WORK ORDER
Instruction for the entries that follow: retype exactly the lines from the line with "LOVE RYAN White Knitted Chenille Sweater - S" to the line with "Doosan LPG Forklift", both included, and omit all others.

RECORD SET
-*-*-

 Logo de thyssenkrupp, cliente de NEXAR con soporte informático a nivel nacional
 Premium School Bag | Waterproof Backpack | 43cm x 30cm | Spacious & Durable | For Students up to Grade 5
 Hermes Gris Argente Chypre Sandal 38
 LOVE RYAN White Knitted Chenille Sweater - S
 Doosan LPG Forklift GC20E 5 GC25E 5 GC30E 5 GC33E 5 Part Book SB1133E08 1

-*-*-

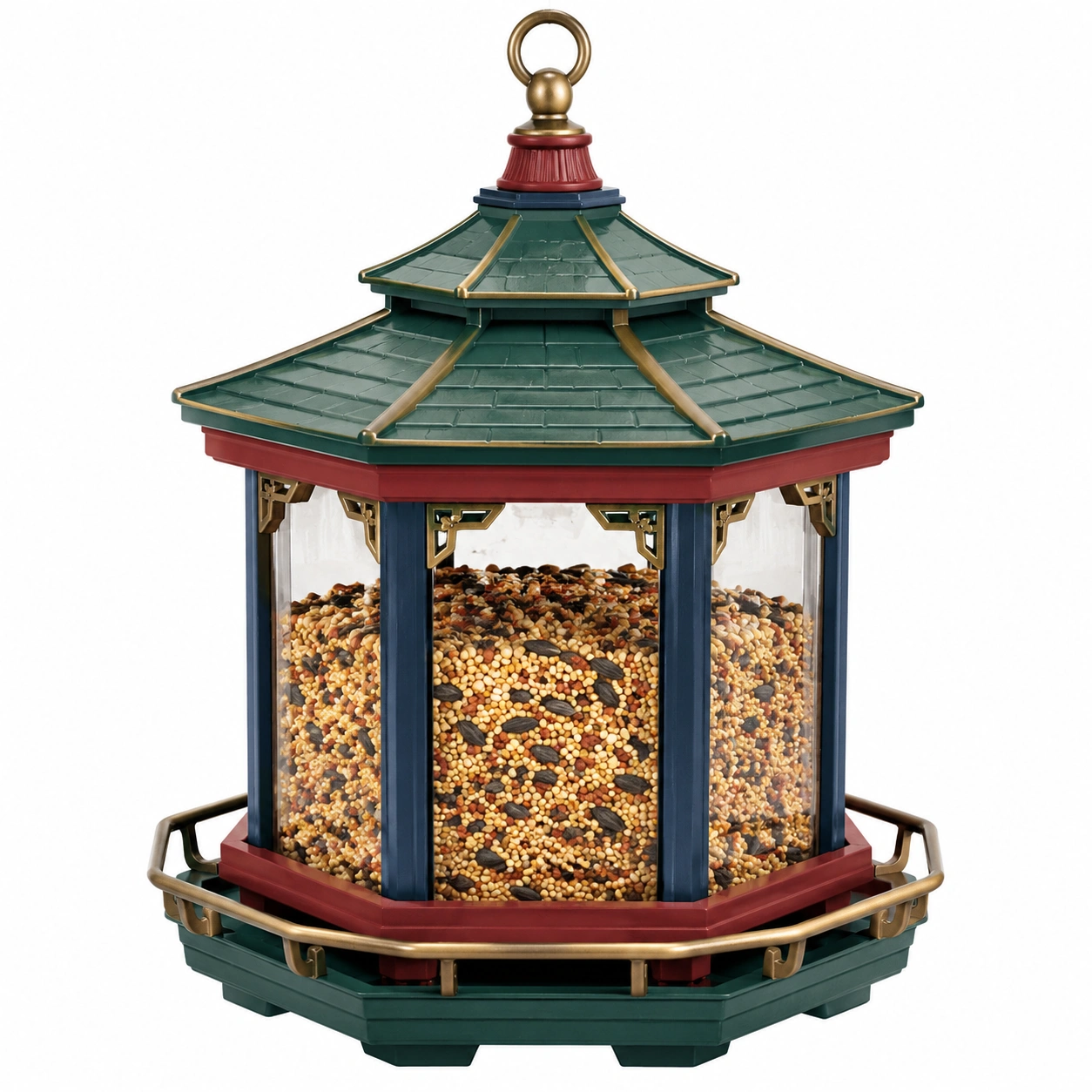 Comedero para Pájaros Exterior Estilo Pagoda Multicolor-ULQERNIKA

-*-*-

SOLUTION FOR THIS EXERCISE
 LOVE RYAN White Knitted Chenille Sweater - S
 Doosan LPG Forklift GC20E 5 GC25E 5 GC30E 5 GC33E 5 Part Book SB1133E08 1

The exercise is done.